The power of viral social media is that people who view
and then share such videos are not generally as passive as
TV watchers. Rather they are often part of a community or
network of people who are motivated by curiosity or compassion,
not just hoping to sell newspapers or boost TV advertising
revenue. Also, it allows people in the field to communicate
directly with interested readers, without a middleman. “That
kind of communication from the field, right through to people
in France or the UK, is very powerful,” he said.

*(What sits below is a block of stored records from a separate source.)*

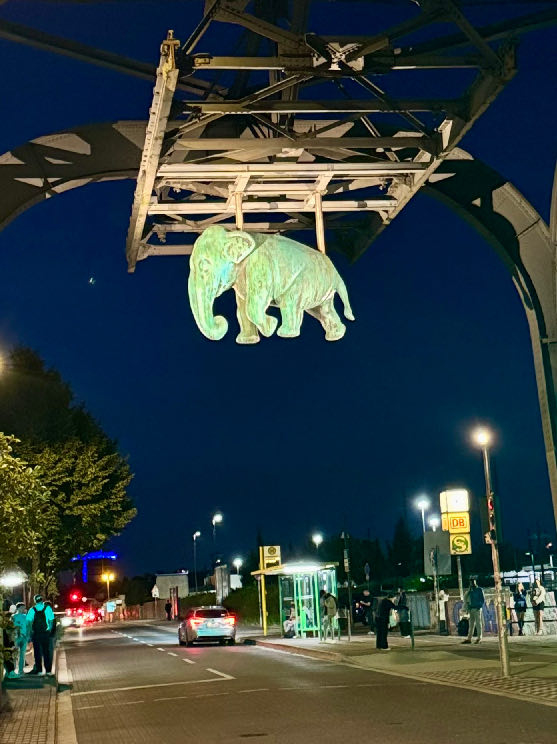 Großer hängender Elefant aus Metall mit grüner Patina an einer Straßenbahnbrücke bei Nacht in Oberhausen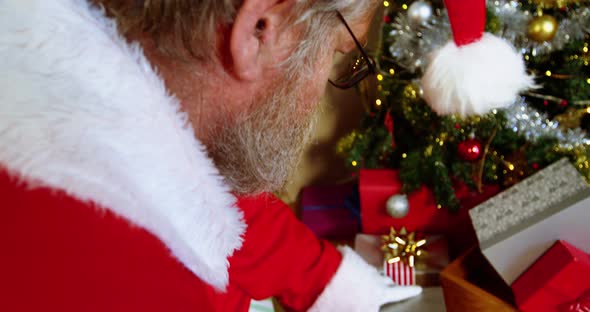 Santa claus placing gift box near christmas tree 4k alt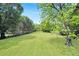 Large grassy backyard with mature trees and wooden fence at 13130 Providence Rd, Milton, GA 30009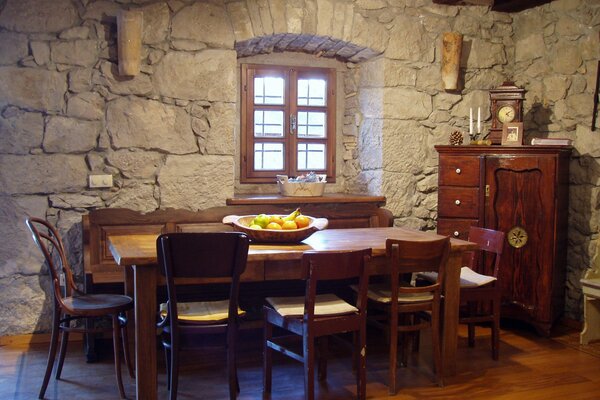 Paredes de piedra y muebles de madera en el interior Mediterráneo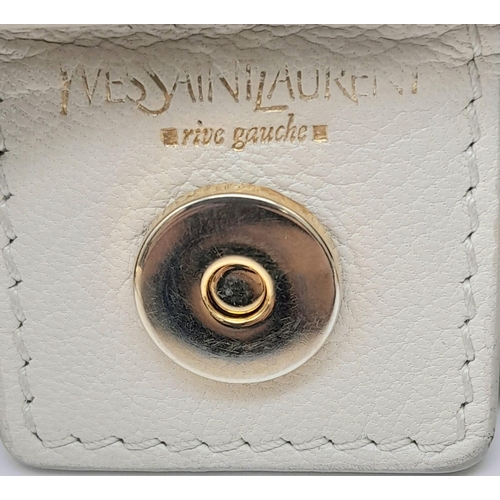 193 - A YSL Saint-Tropez Leather Double Horn Hobo Bag. Ivory leather strip exterior. Horn shaped handles. ... 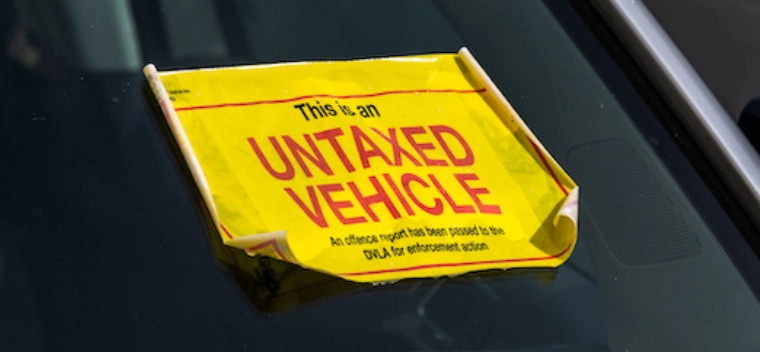 A yellow sticker is stuck to the windshield of a car. The sticker reads "This is an untaxed vehicle".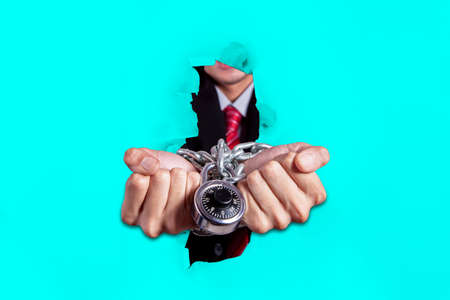 Close up of businessman hands handcuffed by padlock while breaking through paper wallの写真素材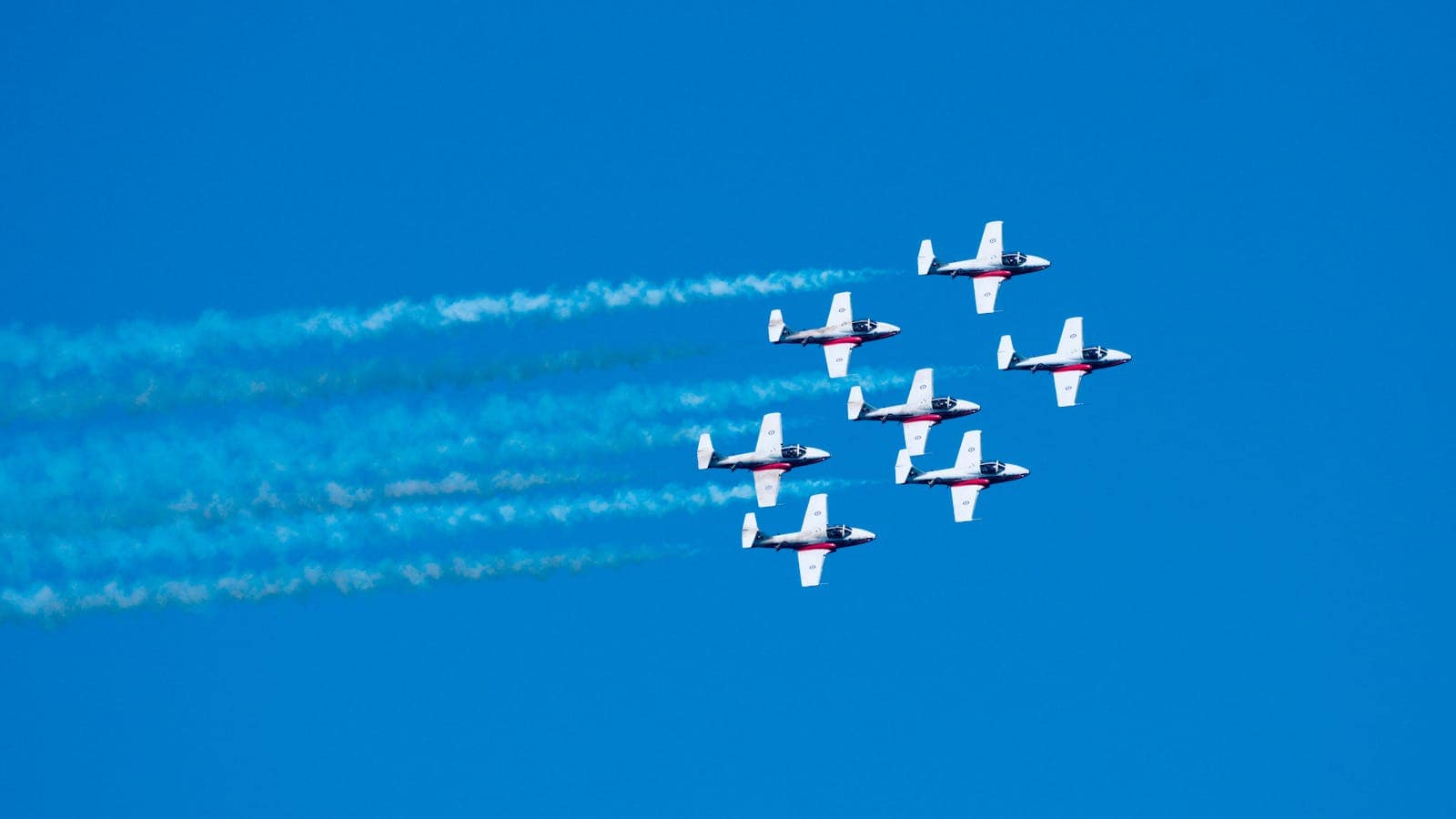 Six aircraft in formation performing aerobatic maneuvers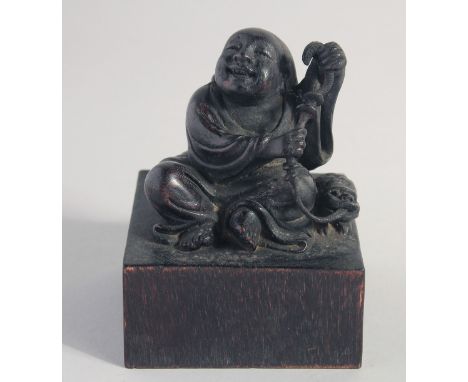 A CHINESE CARVED WOOD IMMORTAL, on a square form base, the base with seal characters, 13cm high.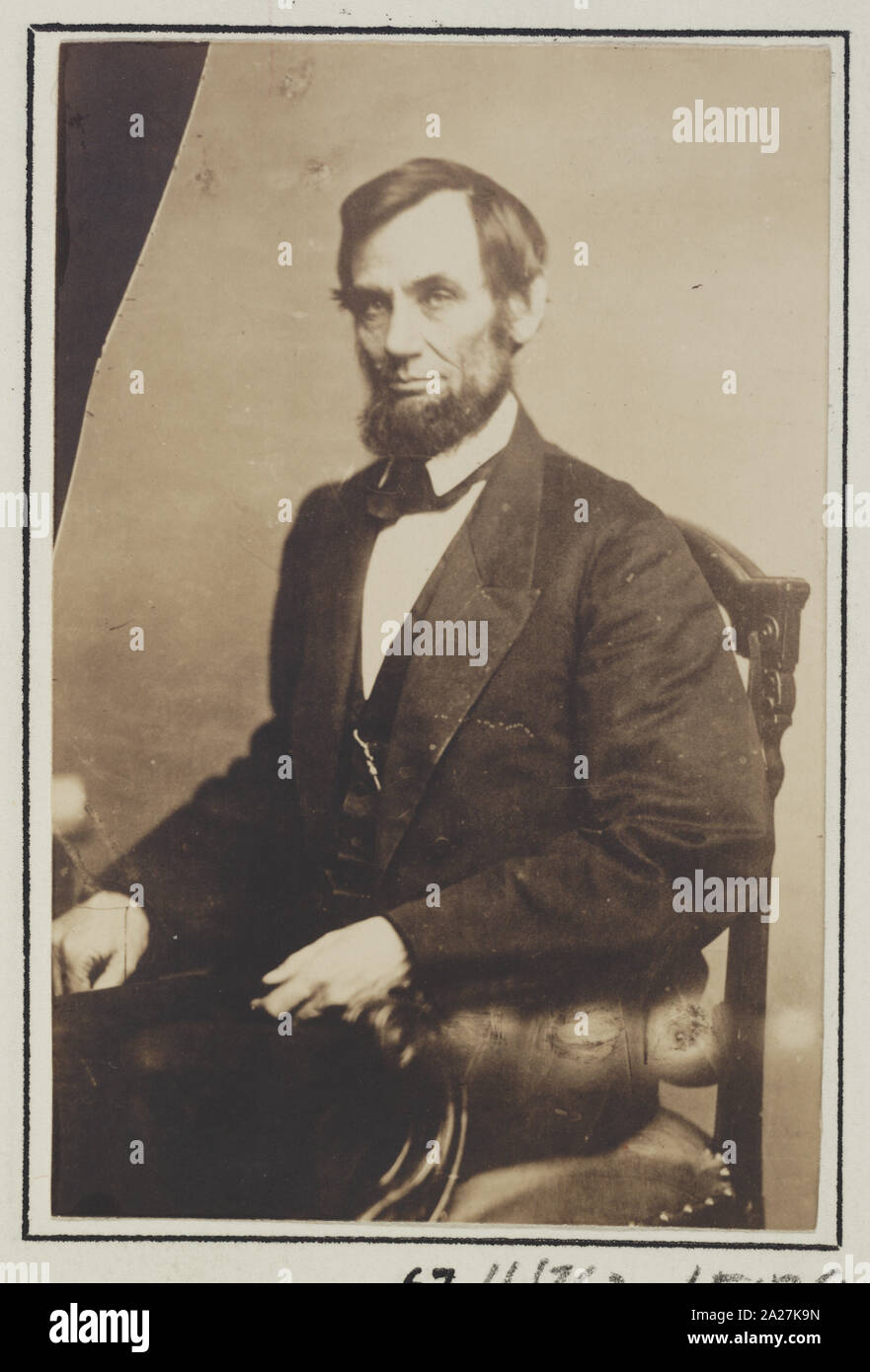 President Abraham Lincoln, three-quarter length portrait, seated, May 16, 1861 Stock Photo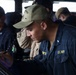 U.S. Navy personnel are shown working on the bridge of a naval vessel. The foreground sailor, wearing a 'Farragut 99' cap and U.S. Navy coveralls with a 'Bulwark' patch, is writing or recording data on a clipboard or console. Additional crew members are visible in the background, one of whom is speaking on a red telephone handset.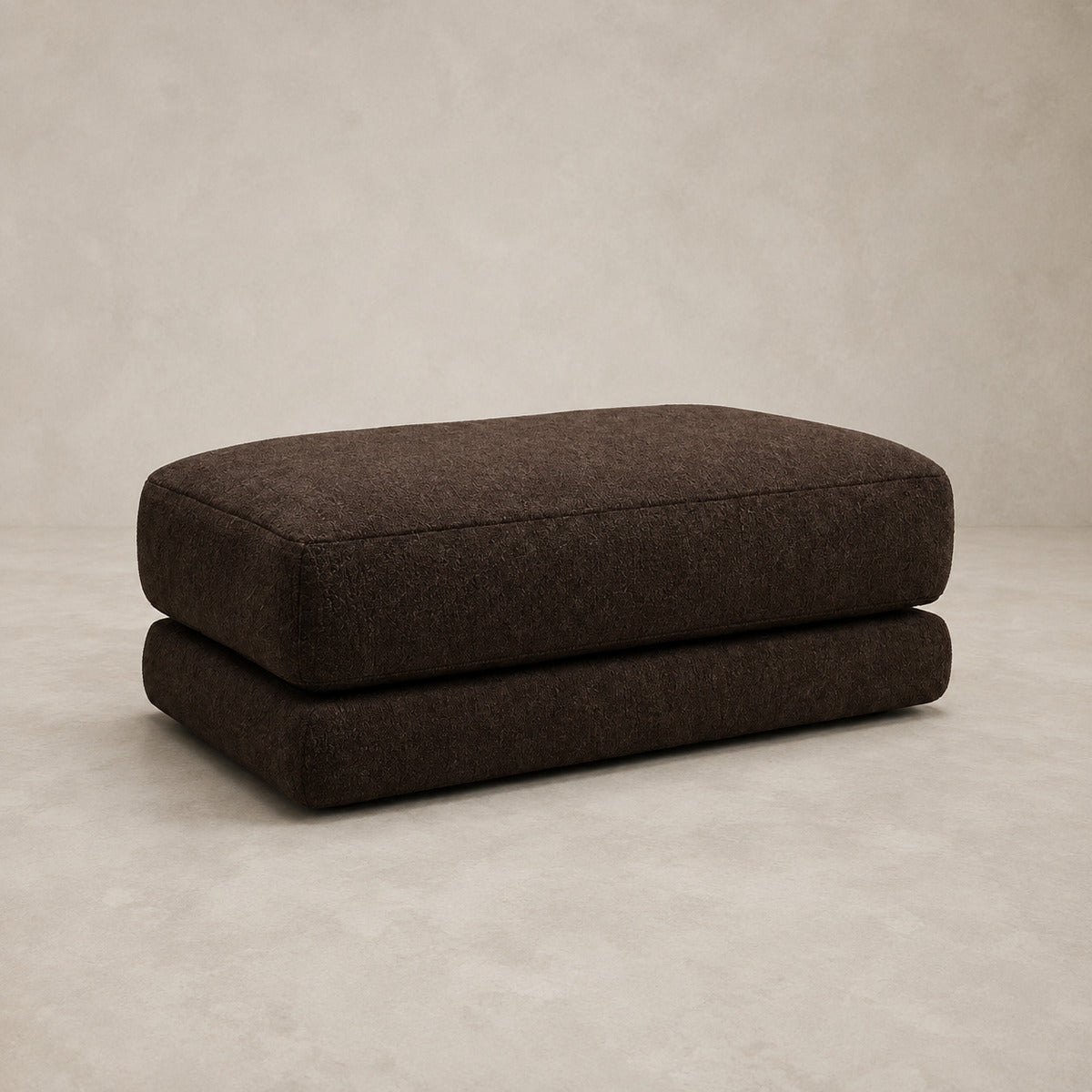 Aurelia Large Footstool in Double Espresso on a clean stone studio background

Dispatches on the home front
Following up on its experience with Dispatches from Disaster
Zones, the BRC is now looking at media coverage closer
to home, exploring ways vulnerable people on British soil
are represented in the media.
“We have traditionally focused on international aid
emergency response issues but for the first time we are looking
at domestic issues and in particular, media stigmatization
of refugees and asylum seekers,” said Thomas. To that
end, the British Red Cross has now commissioned a new study
to see how media reporting on refugees and asylum seekers
impact their everyday lives.
“Along side that, we are also running a series of
workshops for citizen journalists, getting their views and
helping the beneficiaries themselves tell their stories to
the world,” he said. “We are going to try to
get those stories out through social media as a way to help
the British public understand the bigger picture when it
comes to those who are seeking asylum or protection.”